My go-to dessert when we’re having adults and kids, and when I have no time to fuss, is this Ice Cream Pie. It takes seconds to make, Emma says it’s better than a hot fudge sundae because of the crust and, really, what’s not to like regardless of age? Naturally, we use chocolate ice cream, but more “normal” people can substitute vanilla (makes me cringe to even think about that)—I have experimented with coffee and pistachio but always come back to you-know-what.
I usually use Nabisco wafers—those flat, crispy cookies you use to make the whipped cream “cake”–but this time my grocery store was out of them and I was out of shopping time. What to do? There they were staring at me from the shelf: Oreos with chocolate filling, and I thought yum…I’m gonna use chocolate-oreo ice cream, too. Yup, it was good. Emma and Bruce preferred the crust to the wafer version because it was “more crumbly.”
All you do is dump the pack of cookies, either one, into the food processor and pulse into crumbs. Melt half a stick (maybe a tablespoon or two more for the wafers…see how the consistency is) of butter. Toss them together and press into a pie plate.
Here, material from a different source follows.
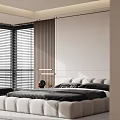 Modern Bedroom Interior Design With Large Bed Decorative Painting Bedside Tables And Area Rug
On occasion I’ve baked the crust for a few minutes at 350 degrees as many similar recipes suggest, but there is just no reason to do this so I’ve stopped. (Why add an extra needless step?) As soon as you’ve packed the crust (tiny hands are great for this), spoon in slightly melted ice cream (I bet your kids will want to help with this step, too), and freeze. Be sure to freeze flat–this particular pie is not beautiful because I was in such a hurry I didn’t rearrange the freezer, the pie tilted and the ice cream ran over one of the sides, burying the crust. To hide my impatience, I just drizzled some hot fudge over all, and thought he fix was a keeper.
Serve with a pitcher of fudge sauce—I’ve seen two-year-olds master pouring this way!
Hot Fudge Sauce
1/2 lb. good semi-sweet chocolate, broken into small pieces
2-4 oz. heavy cream (I have even used 1% milk in a pinch), depending on the consistency you like
1 T Kahlua or coffee liqueur (don’t worry, there’s not taste of it…it just enriches the sauce)
Slowly melt all ingredients together until warm. Serve immediately.